Muscat: The Indian community was eagerly anticipating the announcements made in the Indian Union budget unveiled by Finance Minister Nirmala Sitharaman on Saturday.

However, there is a general sense of disappointment as the budget offers little for the average Non-Resident Indian.

In an interview with Times of Oman, R. Madhusoodanan, a former SBI official and financial expert residing in Muscat, stated that the Union budget fell short of the expectations of NRIs, leading to widespread dissatisfaction.

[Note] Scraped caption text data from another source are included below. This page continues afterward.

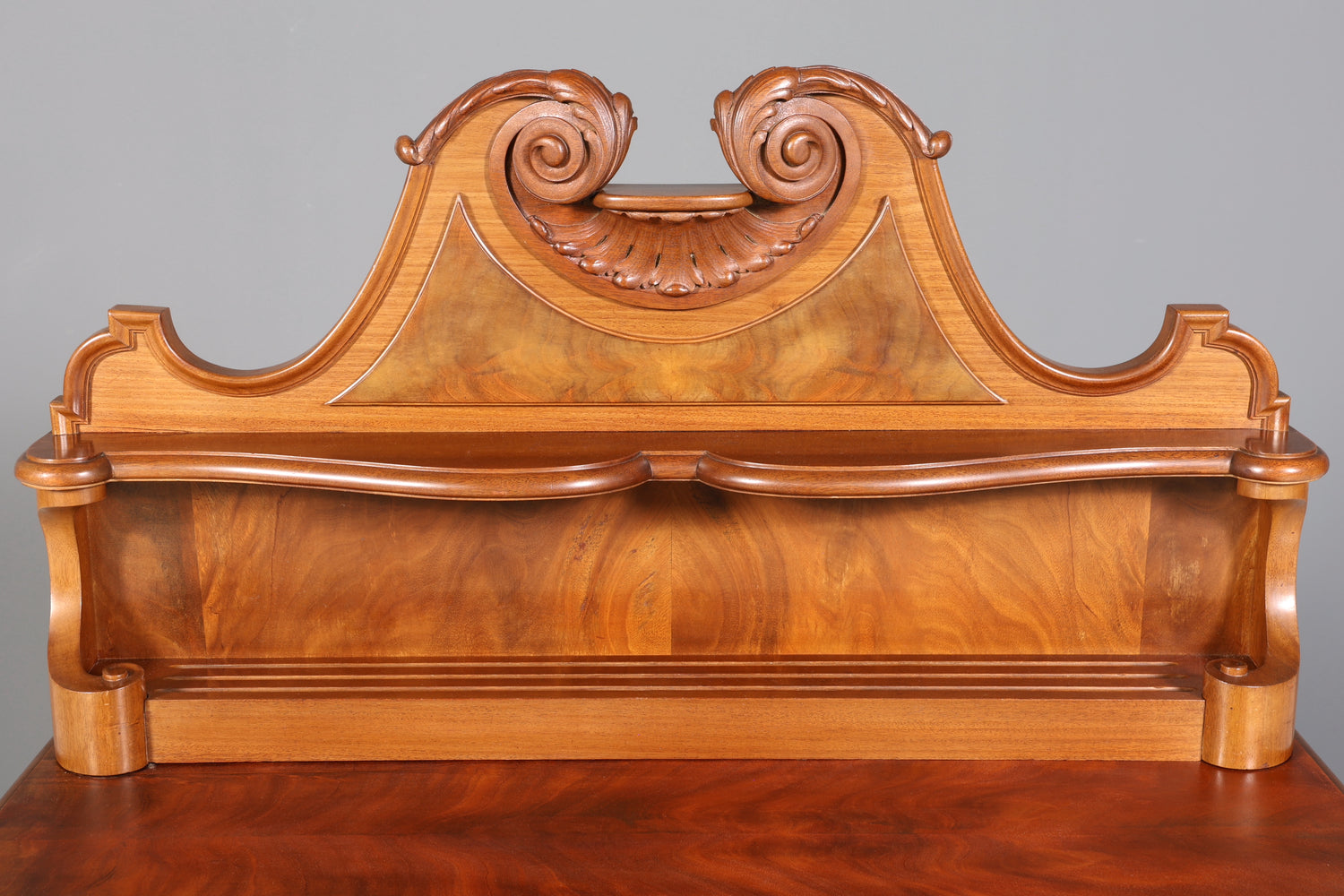 Traumhafte geschwungene Barock Kommode Englisch Sideboard Chippendale Schubladenkommode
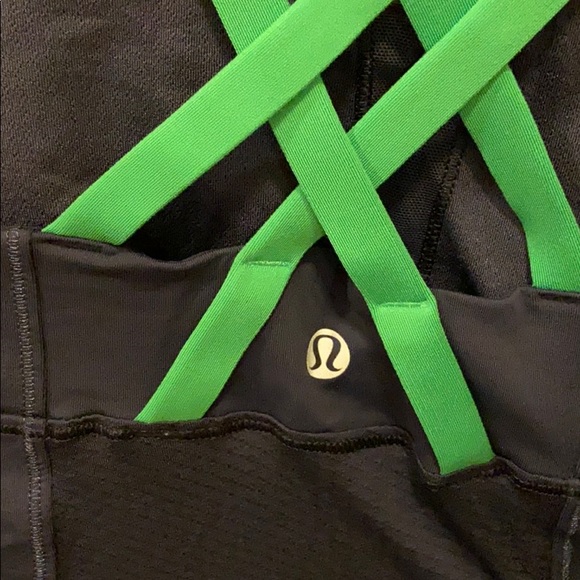 Workout top lulu lemon - Picture 2 of 3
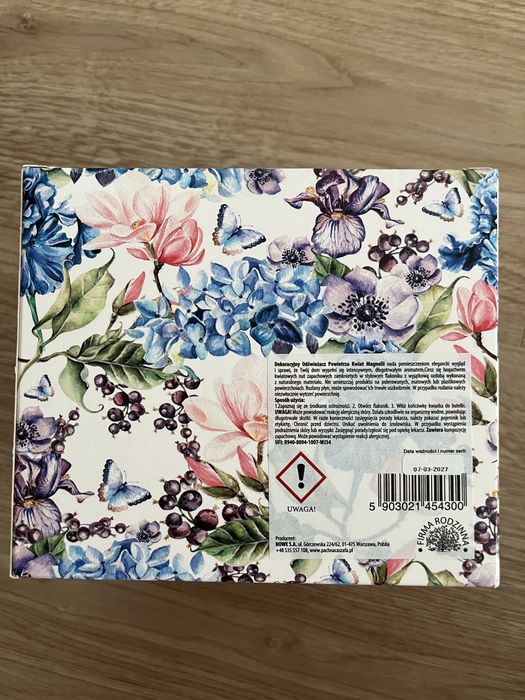Dekoraycjny odświeżacz powietrza Kwiat Magnolii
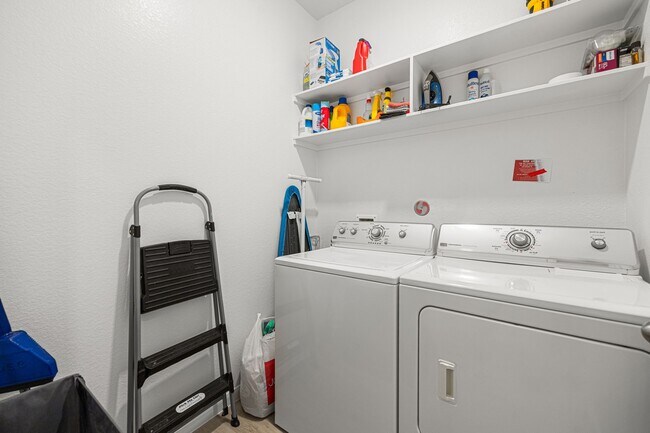 Building Photo - 5422 Sunway Dr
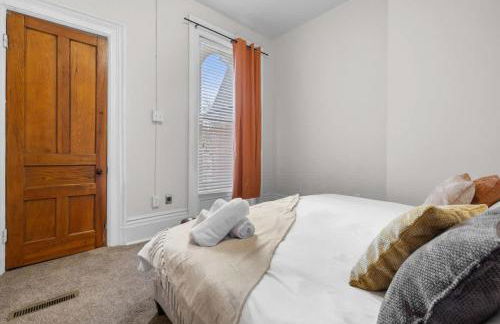 Allentown 5 BR House Free Parking No Chores! - Photo 31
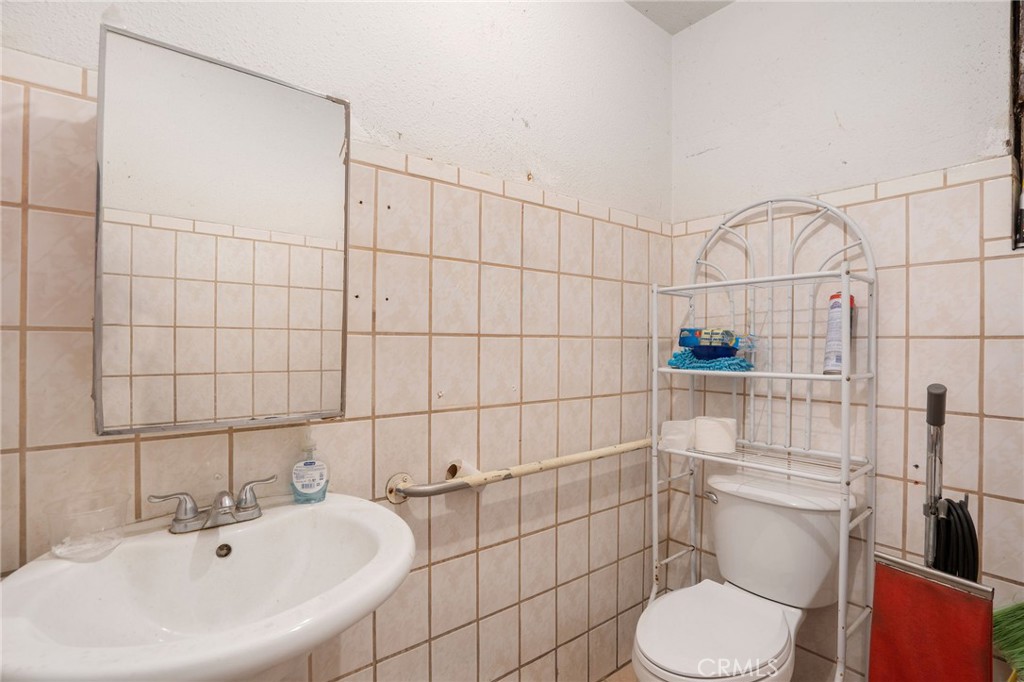 7028 Pacific Blvd Property Photo 11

Indians residing overseas contributed approximately $129.1 billion to the Indian economy in 2024. Despite this significant support, their longstanding requests—including the need for investment-friendly reforms, streamlined regulations, a unified social security scheme for migrant workers, inclusion in government small savings programs, equitable tax treatment, and solutions for high airfare during peak seasons—remain unaddressed. Conversely, the Union budget has introduced more stringent tax regulations for NRIs, including students and professionals abroad. Those studying and working in countries such as the UK, US, Canada, and Australia will encounter increased reporting requirements and tax responsibilities. This development suggests a more complex financial landscape for NRIs, although it aims to align with international standards, according to Madhusoodanan.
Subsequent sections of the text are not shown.